TASK STATEMENT: Output every line below without omitting or altering anything.

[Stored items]
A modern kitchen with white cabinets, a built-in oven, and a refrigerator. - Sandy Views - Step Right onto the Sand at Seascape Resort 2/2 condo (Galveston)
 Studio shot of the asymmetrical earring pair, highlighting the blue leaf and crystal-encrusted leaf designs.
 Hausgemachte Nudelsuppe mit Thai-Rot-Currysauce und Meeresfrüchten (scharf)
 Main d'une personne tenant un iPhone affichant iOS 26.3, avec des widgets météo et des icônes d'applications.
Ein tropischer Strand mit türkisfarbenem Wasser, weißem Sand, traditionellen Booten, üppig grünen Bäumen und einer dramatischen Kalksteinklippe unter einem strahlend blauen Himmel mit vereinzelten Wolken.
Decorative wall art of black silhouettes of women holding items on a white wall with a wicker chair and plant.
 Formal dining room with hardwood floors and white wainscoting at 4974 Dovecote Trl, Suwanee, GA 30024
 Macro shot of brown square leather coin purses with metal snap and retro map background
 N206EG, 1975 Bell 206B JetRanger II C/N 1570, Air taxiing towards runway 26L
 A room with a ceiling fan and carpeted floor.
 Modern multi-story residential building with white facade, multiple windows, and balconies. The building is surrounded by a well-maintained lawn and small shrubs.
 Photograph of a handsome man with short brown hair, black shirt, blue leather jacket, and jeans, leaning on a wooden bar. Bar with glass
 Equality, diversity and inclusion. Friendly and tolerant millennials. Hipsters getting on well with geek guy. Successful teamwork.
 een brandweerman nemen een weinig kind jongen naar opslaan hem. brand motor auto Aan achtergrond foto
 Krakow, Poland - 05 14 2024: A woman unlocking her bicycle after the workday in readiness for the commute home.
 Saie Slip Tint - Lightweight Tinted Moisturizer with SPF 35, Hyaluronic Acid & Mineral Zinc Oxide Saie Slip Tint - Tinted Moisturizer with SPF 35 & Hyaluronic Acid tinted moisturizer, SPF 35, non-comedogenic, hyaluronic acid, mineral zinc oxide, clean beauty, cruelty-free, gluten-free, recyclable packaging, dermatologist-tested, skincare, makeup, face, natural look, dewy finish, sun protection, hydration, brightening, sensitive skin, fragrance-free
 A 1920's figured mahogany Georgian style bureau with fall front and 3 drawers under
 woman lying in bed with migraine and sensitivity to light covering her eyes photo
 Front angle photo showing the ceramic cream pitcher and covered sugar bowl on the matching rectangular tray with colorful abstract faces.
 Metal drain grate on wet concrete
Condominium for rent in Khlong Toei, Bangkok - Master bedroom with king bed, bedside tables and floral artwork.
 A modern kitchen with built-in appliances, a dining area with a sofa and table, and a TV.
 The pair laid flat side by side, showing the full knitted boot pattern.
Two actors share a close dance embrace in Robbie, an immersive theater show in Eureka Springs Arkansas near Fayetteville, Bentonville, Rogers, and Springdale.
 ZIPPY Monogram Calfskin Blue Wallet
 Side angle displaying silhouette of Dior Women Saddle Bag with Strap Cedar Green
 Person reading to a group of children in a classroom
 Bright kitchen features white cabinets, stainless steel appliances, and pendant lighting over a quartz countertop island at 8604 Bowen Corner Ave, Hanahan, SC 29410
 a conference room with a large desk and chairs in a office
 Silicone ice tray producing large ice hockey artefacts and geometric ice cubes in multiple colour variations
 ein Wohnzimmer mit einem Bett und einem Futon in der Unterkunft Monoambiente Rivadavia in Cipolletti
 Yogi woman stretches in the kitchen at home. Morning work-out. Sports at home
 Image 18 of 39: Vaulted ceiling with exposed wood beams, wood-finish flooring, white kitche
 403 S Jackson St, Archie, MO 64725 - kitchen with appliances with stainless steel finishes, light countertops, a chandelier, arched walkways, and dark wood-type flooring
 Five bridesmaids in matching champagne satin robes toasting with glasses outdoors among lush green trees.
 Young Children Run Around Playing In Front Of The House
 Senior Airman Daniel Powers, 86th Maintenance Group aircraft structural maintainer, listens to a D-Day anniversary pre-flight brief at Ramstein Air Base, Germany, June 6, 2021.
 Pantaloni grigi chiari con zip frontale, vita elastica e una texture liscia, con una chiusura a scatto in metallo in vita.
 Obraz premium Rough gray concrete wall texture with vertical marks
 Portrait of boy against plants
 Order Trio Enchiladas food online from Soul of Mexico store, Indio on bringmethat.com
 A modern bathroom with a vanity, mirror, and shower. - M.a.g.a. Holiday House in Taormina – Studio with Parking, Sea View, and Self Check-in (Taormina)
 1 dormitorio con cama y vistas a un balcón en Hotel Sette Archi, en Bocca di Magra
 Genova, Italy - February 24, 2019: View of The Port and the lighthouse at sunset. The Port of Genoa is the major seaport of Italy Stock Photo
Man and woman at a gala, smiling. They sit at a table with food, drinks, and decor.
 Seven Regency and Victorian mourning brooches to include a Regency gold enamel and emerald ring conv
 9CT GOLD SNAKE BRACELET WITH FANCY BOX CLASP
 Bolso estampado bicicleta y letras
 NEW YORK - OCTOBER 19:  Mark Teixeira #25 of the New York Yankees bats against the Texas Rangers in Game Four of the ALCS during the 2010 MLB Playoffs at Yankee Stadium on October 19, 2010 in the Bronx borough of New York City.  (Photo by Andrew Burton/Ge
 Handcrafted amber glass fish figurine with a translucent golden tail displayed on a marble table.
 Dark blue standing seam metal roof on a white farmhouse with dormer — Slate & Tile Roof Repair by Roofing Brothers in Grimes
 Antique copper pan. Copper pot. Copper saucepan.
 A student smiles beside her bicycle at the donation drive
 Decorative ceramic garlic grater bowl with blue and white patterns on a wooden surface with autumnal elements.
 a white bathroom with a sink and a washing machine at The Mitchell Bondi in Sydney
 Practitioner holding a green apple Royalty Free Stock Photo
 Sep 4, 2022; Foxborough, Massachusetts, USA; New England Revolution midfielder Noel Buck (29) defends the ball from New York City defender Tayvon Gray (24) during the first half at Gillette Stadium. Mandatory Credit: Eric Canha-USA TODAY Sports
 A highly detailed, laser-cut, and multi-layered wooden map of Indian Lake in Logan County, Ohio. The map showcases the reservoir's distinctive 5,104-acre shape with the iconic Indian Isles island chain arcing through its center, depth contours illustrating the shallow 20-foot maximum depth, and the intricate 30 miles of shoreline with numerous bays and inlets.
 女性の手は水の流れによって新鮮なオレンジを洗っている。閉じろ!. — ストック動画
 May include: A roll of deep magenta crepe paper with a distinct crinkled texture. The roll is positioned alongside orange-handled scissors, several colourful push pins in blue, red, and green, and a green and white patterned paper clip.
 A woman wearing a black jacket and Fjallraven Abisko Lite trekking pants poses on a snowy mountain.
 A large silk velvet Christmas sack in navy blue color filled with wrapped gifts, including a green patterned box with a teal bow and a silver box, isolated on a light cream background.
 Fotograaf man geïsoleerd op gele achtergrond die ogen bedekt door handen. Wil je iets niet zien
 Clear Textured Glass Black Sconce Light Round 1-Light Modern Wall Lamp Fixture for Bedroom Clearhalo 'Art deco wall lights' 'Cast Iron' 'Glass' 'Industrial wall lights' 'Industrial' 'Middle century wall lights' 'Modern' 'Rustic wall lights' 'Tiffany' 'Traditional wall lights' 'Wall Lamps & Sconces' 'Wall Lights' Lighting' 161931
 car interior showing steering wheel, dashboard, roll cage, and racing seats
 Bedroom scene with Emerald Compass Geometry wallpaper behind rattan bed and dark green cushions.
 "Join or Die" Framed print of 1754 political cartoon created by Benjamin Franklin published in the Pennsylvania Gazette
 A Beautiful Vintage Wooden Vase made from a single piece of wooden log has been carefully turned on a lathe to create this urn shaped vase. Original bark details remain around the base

ANSWER TO THIS EXERCISE:
A modern kitchen with white cabinets, a built-in oven, and a refrigerator. - Sandy Views - Step Right onto the Sand at Seascape Resort 2/2 condo (Galveston)
 Studio shot of the asymmetrical earring pair, highlighting the blue leaf and crystal-encrusted leaf designs.
 Hausgemachte Nudelsuppe mit Thai-Rot-Currysauce und Meeresfrüchten (scharf)
 Main d'une personne tenant un iPhone affichant iOS 26.3, avec des widgets météo et des icônes d'applications.
Ein tropischer Strand mit türkisfarbenem Wasser, weißem Sand, traditionellen Booten, üppig grünen Bäumen und einer dramatischen Kalksteinklippe unter einem strahlend blauen Himmel mit vereinzelten Wolken.
Decorative wall art of black silhouettes of women holding items on a white wall with a wicker chair and plant.
 Formal dining room with hardwood floors and white wainscoting at 4974 Dovecote Trl, Suwanee, GA 30024
 Macro shot of brown square leather coin purses with metal snap and retro map background
 N206EG, 1975 Bell 206B JetRanger II C/N 1570, Air taxiing towards runway 26L
 A room with a ceiling fan and carpeted floor.
 Modern multi-story residential building with white facade, multiple windows, and balconies. The building is surrounded by a well-maintained lawn and small shrubs.
 Photograph of a handsome man with short brown hair, black shirt, blue leather jacket, and jeans, leaning on a wooden bar. Bar with glass
 Equality, diversity and inclusion. Friendly and tolerant millennials. Hipsters getting on well with geek guy. Successful teamwork.
 een brandweerman nemen een weinig kind jongen naar opslaan hem. brand motor auto Aan achtergrond foto
 Krakow, Poland - 05 14 2024: A woman unlocking her bicycle after the workday in readiness for the commute home.
 Saie Slip Tint - Lightweight Tinted Moisturizer with SPF 35, Hyaluronic Acid & Mineral Zinc Oxide Saie Slip Tint - Tinted Moisturizer with SPF 35 & Hyaluronic Acid tinted moisturizer, SPF 35, non-comedogenic, hyaluronic acid, mineral zinc oxide, clean beauty, cruelty-free, gluten-free, recyclable packaging, dermatologist-tested, skincare, makeup, face, natural look, dewy finish, sun protection, hydration, brightening, sensitive skin, fragrance-free
 A 1920's figured mahogany Georgian style bureau with fall front and 3 drawers under
 woman lying in bed with migraine and sensitivity to light covering her eyes photo
 Front angle photo showing the ceramic cream pitcher and covered sugar bowl on the matching rectangular tray with colorful abstract faces.
 Metal drain grate on wet concrete
Condominium for rent in Khlong Toei, Bangkok - Master bedroom with king bed, bedside tables and floral artwork.
 A modern kitchen with built-in appliances, a dining area with a sofa and table, and a TV.
 The pair laid flat side by side, showing the full knitted boot pattern.
Two actors share a close dance embrace in Robbie, an immersive theater show in Eureka Springs Arkansas near Fayetteville, Bentonville, Rogers, and Springdale.
 ZIPPY Monogram Calfskin Blue Wallet
 Side angle displaying silhouette of Dior Women Saddle Bag with Strap Cedar Green
 Person reading to a group of children in a classroom
 Bright kitchen features white cabinets, stainless steel appliances, and pendant lighting over a quartz countertop island at 8604 Bowen Corner Ave, Hanahan, SC 29410
 a conference room with a large desk and chairs in a office
 Silicone ice tray producing large ice hockey artefacts and geometric ice cubes in multiple colour variations
 ein Wohnzimmer mit einem Bett und einem Futon in der Unterkunft Monoambiente Rivadavia in Cipolletti
 Yogi woman stretches in the kitchen at home. Morning work-out. Sports at home
 Image 18 of 39: Vaulted ceiling with exposed wood beams, wood-finish flooring, white kitche
 403 S Jackson St, Archie, MO 64725 - kitchen with appliances with stainless steel finishes, light countertops, a chandelier, arched walkways, and dark wood-type flooring
 Five bridesmaids in matching champagne satin robes toasting with glasses outdoors among lush green trees.
 Young Children Run Around Playing In Front Of The House
 Senior Airman Daniel Powers, 86th Maintenance Group aircraft structural maintainer, listens to a D-Day anniversary pre-flight brief at Ramstein Air Base, Germany, June 6, 2021.
 Pantaloni grigi chiari con zip frontale, vita elastica e una texture liscia, con una chiusura a scatto in metallo in vita.
 Obraz premium Rough gray concrete wall texture with vertical marks
 Portrait of boy against plants
 Order Trio Enchiladas food online from Soul of Mexico store, Indio on bringmethat.com
 A modern bathroom with a vanity, mirror, and shower. - M.a.g.a. Holiday House in Taormina – Studio with Parking, Sea View, and Self Check-in (Taormina)
 1 dormitorio con cama y vistas a un balcón en Hotel Sette Archi, en Bocca di Magra
 Genova, Italy - February 24, 2019: View of The Port and the lighthouse at sunset. The Port of Genoa is the major seaport of Italy Stock Photo
Man and woman at a gala, smiling. They sit at a table with food, drinks, and decor.
 Seven Regency and Victorian mourning brooches to include a Regency gold enamel and emerald ring conv
 9CT GOLD SNAKE BRACELET WITH FANCY BOX CLASP
 Bolso estampado bicicleta y letras
 NEW YORK - OCTOBER 19:  Mark Teixeira #25 of the New York Yankees bats against the Texas Rangers in Game Four of the ALCS during the 2010 MLB Playoffs at Yankee Stadium on October 19, 2010 in the Bronx borough of New York City.  (Photo by Andrew Burton/Ge
 Handcrafted amber glass fish figurine with a translucent golden tail displayed on a marble table.
 Dark blue standing seam metal roof on a white farmhouse with dormer — Slate & Tile Roof Repair by Roofing Brothers in Grimes
 Antique copper pan. Copper pot. Copper saucepan.
 A student smiles beside her bicycle at the donation drive
 Decorative ceramic garlic grater bowl with blue and white patterns on a wooden surface with autumnal elements.
 a white bathroom with a sink and a washing machine at The Mitchell Bondi in Sydney
 Practitioner holding a green apple Royalty Free Stock Photo
 Sep 4, 2022; Foxborough, Massachusetts, USA; New England Revolution midfielder Noel Buck (29) defends the ball from New York City defender Tayvon Gray (24) during the first half at Gillette Stadium. Mandatory Credit: Eric Canha-USA TODAY Sports
 A highly detailed, laser-cut, and multi-layered wooden map of Indian Lake in Logan County, Ohio. The map showcases the reservoir's distinctive 5,104-acre shape with the iconic Indian Isles island chain arcing through its center, depth contours illustrating the shallow 20-foot maximum depth, and the intricate 30 miles of shoreline with numerous bays and inlets.
 女性の手は水の流れによって新鮮なオレンジを洗っている。閉じろ!. — ストック動画
 May include: A roll of deep magenta crepe paper with a distinct crinkled texture. The roll is positioned alongside orange-handled scissors, several colourful push pins in blue, red, and green, and a green and white patterned paper clip.
 A woman wearing a black jacket and Fjallraven Abisko Lite trekking pants poses on a snowy mountain.
 A large silk velvet Christmas sack in navy blue color filled with wrapped gifts, including a green patterned box with a teal bow and a silver box, isolated on a light cream background.
 Fotograaf man geïsoleerd op gele achtergrond die ogen bedekt door handen. Wil je iets niet zien
 Clear Textured Glass Black Sconce Light Round 1-Light Modern Wall Lamp Fixture for Bedroom Clearhalo 'Art deco wall lights' 'Cast Iron' 'Glass' 'Industrial wall lights' 'Industrial' 'Middle century wall lights' 'Modern' 'Rustic wall lights' 'Tiffany' 'Traditional wall lights' 'Wall Lamps & Sconces' 'Wall Lights' Lighting' 161931
 car interior showing steering wheel, dashboard, roll cage, and racing seats
 Bedroom scene with Emerald Compass Geometry wallpaper behind rattan bed and dark green cushions.
 "Join or Die" Framed print of 1754 political cartoon created by Benjamin Franklin published in the Pennsylvania Gazette
 A Beautiful Vintage Wooden Vase made from a single piece of wooden log has been carefully turned on a lathe to create this urn shaped vase. Original bark details remain around the base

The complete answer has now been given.